Business has steadily increased, even as competition has grown.

“Competition is hefty. There are a lot of producers in our field now,” said De Bruin. “We push the additional attributes of flavor, source verification and the fact that breed matters. Then we say, ‘Oh, by the way, they are all natural products.’”

It’s worked. The company has strong markets on the West Coast (Seattle to San Diego), the East Coast (Boston to Maryland), in Texas, Florida and the Atlanta area. International sales have grown as well, with product now going to Korea, Switzerland and the European Union. Vande Rose pork and beef is sold to restaurants, most of them white tablecloth variety, and to grocery retail outlets. Many of retail stores are known for specialty products.

“On the pork side, we still raise hogs internally. On the beef side, for the last eight months, we have added a partner, Greater Omaha Packing,” explained De Bruin. Each week, 1,000 pigs are available and about 600 are processed. The company ships 60,000 to 100,000 pounds of beef and 30,000 to 80,000 pounds of pork weekly. Vande Rose has added other meat items – fish lamb, chicken – at the retail store in California and on its website, www.vanderosefoods.com.

There have been challenges through the years, but marketing hasn’t been one of the bigger ones, according to De Bruin. “For the first three years, I lived on the road, making relationships and seeing things from their (customers) ends, why they wanted what products.”  That effort continues to pay off for the company.

Vande Rose does the traditional table tents to advertise product in restaurants, but more often the naming of the breed of pork on menus is the idea of the restaurants themselves. “Even in Iowa towns, it’s often noted that pork comes from Vande Rose,” De Bruin added.
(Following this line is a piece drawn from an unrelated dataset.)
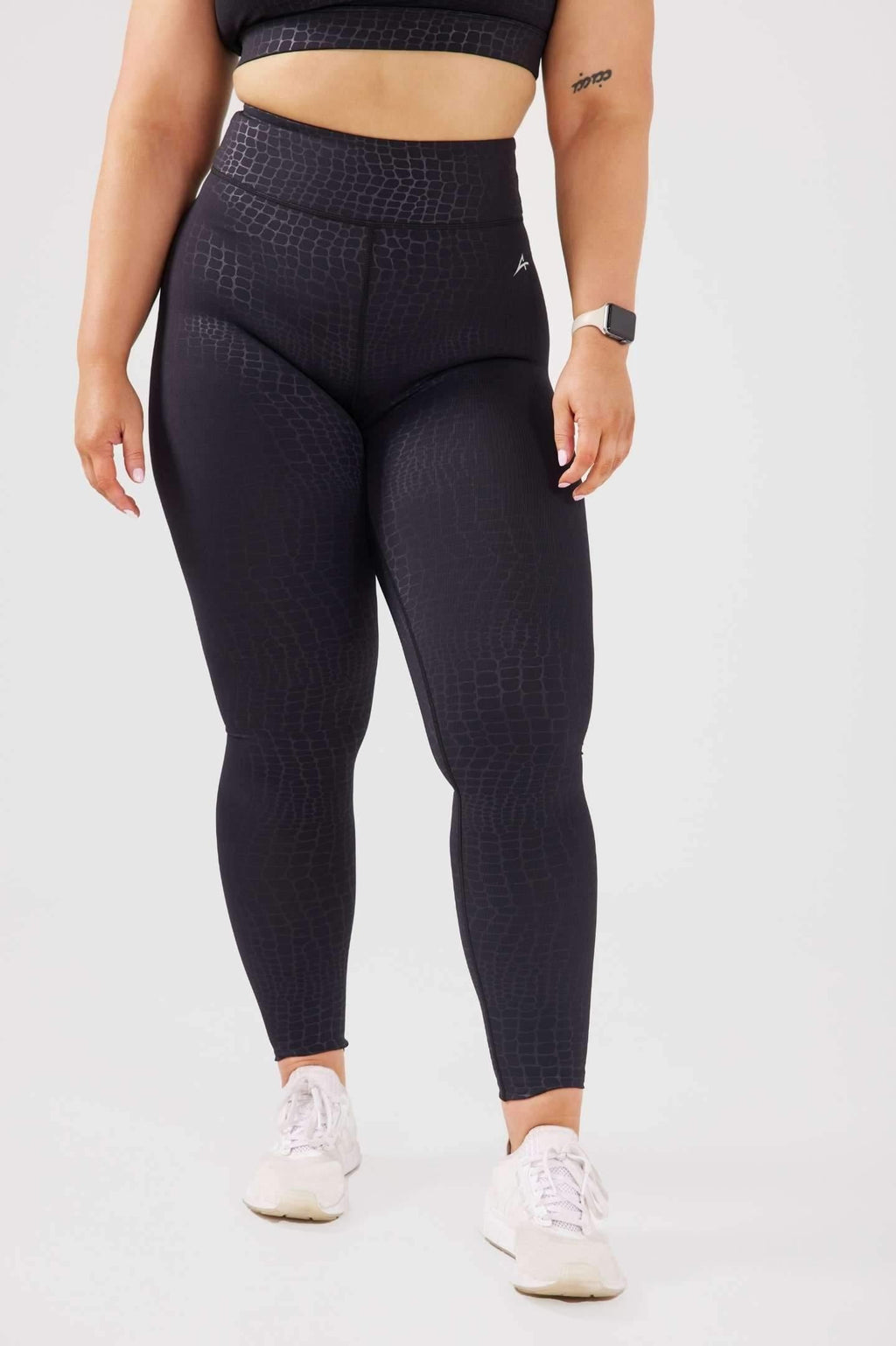 close up girl wearing luxe snake print leggings front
Very recent national attention has helped to underscore the improved taste characteristic from which Vande Rose draws its marketing strength. 

“Our bacon was just voted the best bacon in the U.S. by the America’s Test Kitchen Cooks’ Illustrated,” said De Bruin. America’s Test Kitchen and Cooks’ Illustrated are notable national food publications and web resources. “We maintain recipe developers all around the country. They are there also to help develop our products.”
 
Customer restaurants across the country are primarily high-end. Retailers are specialty food stores, but De Bruin said another marketing strategy has been to target those that are independent stores with a broader customer base than some of the natural food store chains. H-E-B stores in Texas is an example. H-E-B has more than 300 stores mainly in Texas and Mexico. It is a family business that is more than 100 years old. Vande Rose hasn’t forgotten its local customer base. Products also are available in select Midwest and Iowa chain stores, such as Fareway.
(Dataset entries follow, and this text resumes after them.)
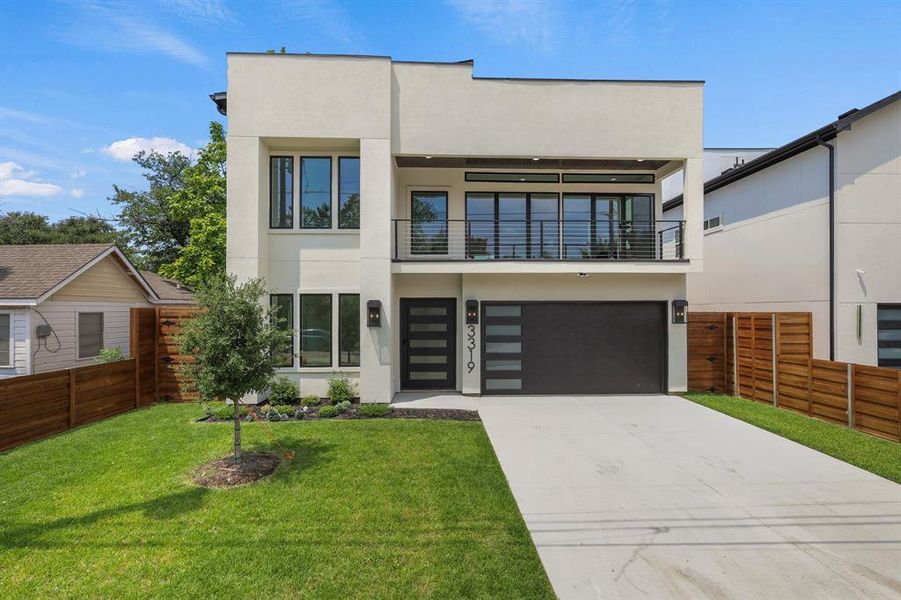 Contemporary house with a balcony, a garage, and a front yard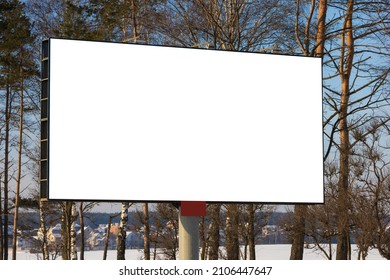 White Billboard Along The Highway On A Winter Snow Day. Background For Design And Advertising. 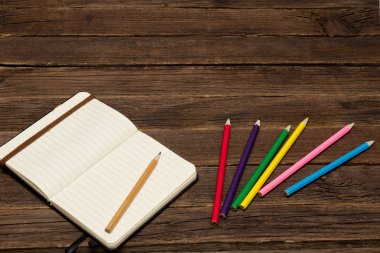 Not defteri ve ahşap bir masa üzerinde renkli kalemler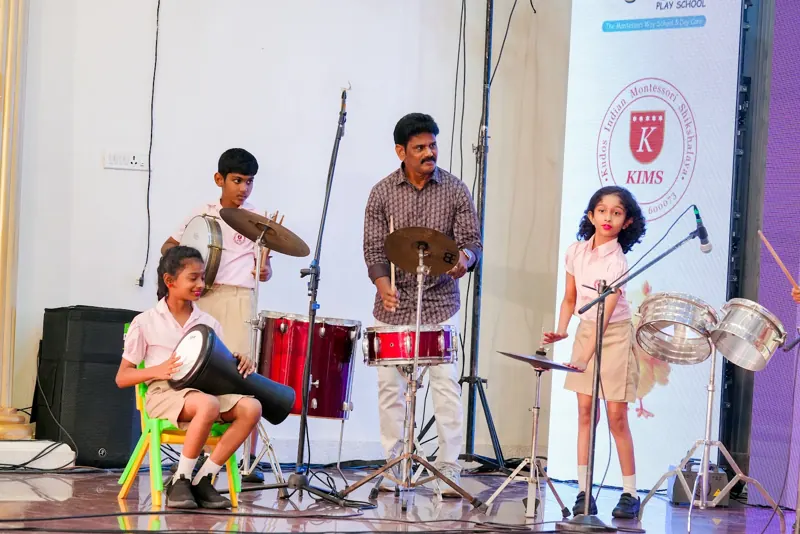 A student band on drums and percussion with the music teacher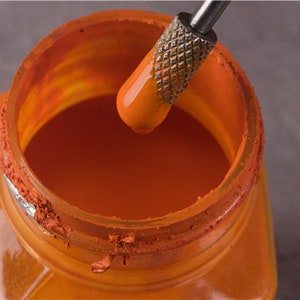May include: A close-up of a glass jar filled with orange paint. A metal tool is being used to stir the paint.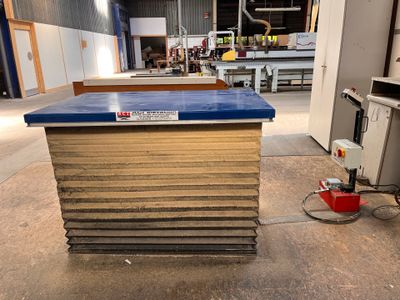 un plan de travail bleu posé dans un entrepôt, à côté d'un seau rouge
“We are doing business in 23 states with 45 distributors and 3,500 end-users, restaurant and retail. That is quite a management challenge. We need to always provide proper customer service and be sure people have what I call ‘the right seats on the bus’ as an internal management team,” explained De Bruin.
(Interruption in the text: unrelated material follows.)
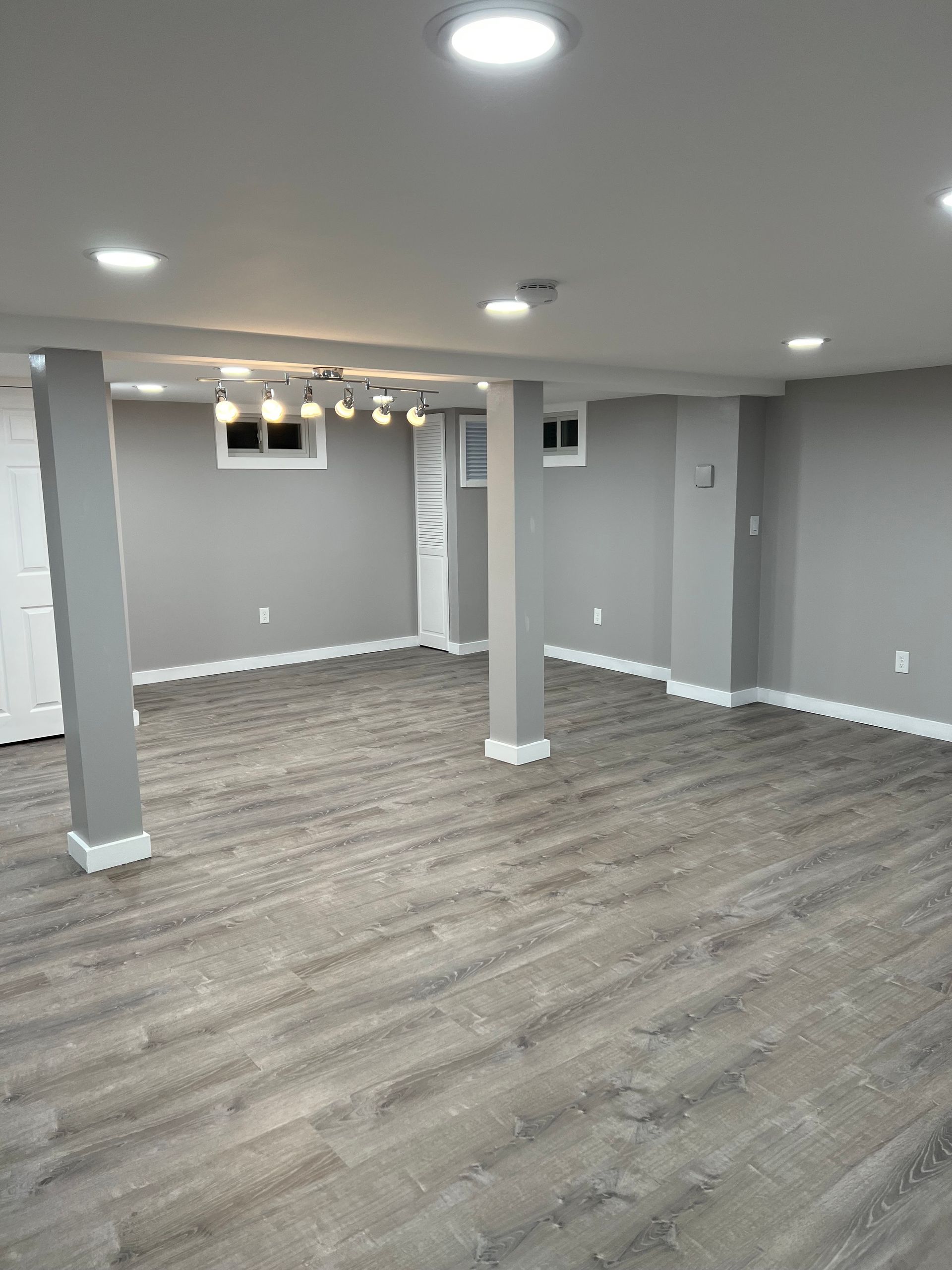 Empty basement with gray walls, flooring, and support columns. Overhead recessed lighting illuminates the space.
Will the rapid growth continue?

De Bruin actually sees an intentional stabilization period in the near future. “We hope to quit growing for a year, to stabilize. We just acquired those processing facilities, which took us from 25 employees to 55 employees in the last four months. We want to maintain profitability . . . . Then we can start growing again.”

The CEO gives much credit for success to assistance through the Value Added Producer Grant (VAPG) program. Vande Rose received a $248,000 grant for planning in 2001 and a $300,000 operating capital grant in 2006. The first one allowed the company to get its core product line developed and to initiate West Coast marketing of fresh meats. The second provided the means to work on smoked and cured product lines. “They made a very large difference in our success, coming at critical points. We used them very carefully,” said De Bruin.
 

About USDA VAPG

VAPG funding has been offered by the USDA periodically since the early 2000s. A new round of funding is anticipated to be announced in the coming months. To be considered value added, projects must show how products are differentiated in specific ways from commodity crops. Typically, projects must also show how they may deliver greater returns to producers.

Independent producers, farmer or rancher cooperatives, agricultural producer groups, and producer-owned business ventures, including non-profit organizations, may apply. In previous cycles, applicants were required to be producers of the raw commodity who will maintain ownership of that commodity through the process of creating a value-added product. Grants have been available for planning projects (such as marketing and business plans and feasibility studies) and working capital projects (which might include wages or packaging supplies). (http://www.rd.usda.gov/)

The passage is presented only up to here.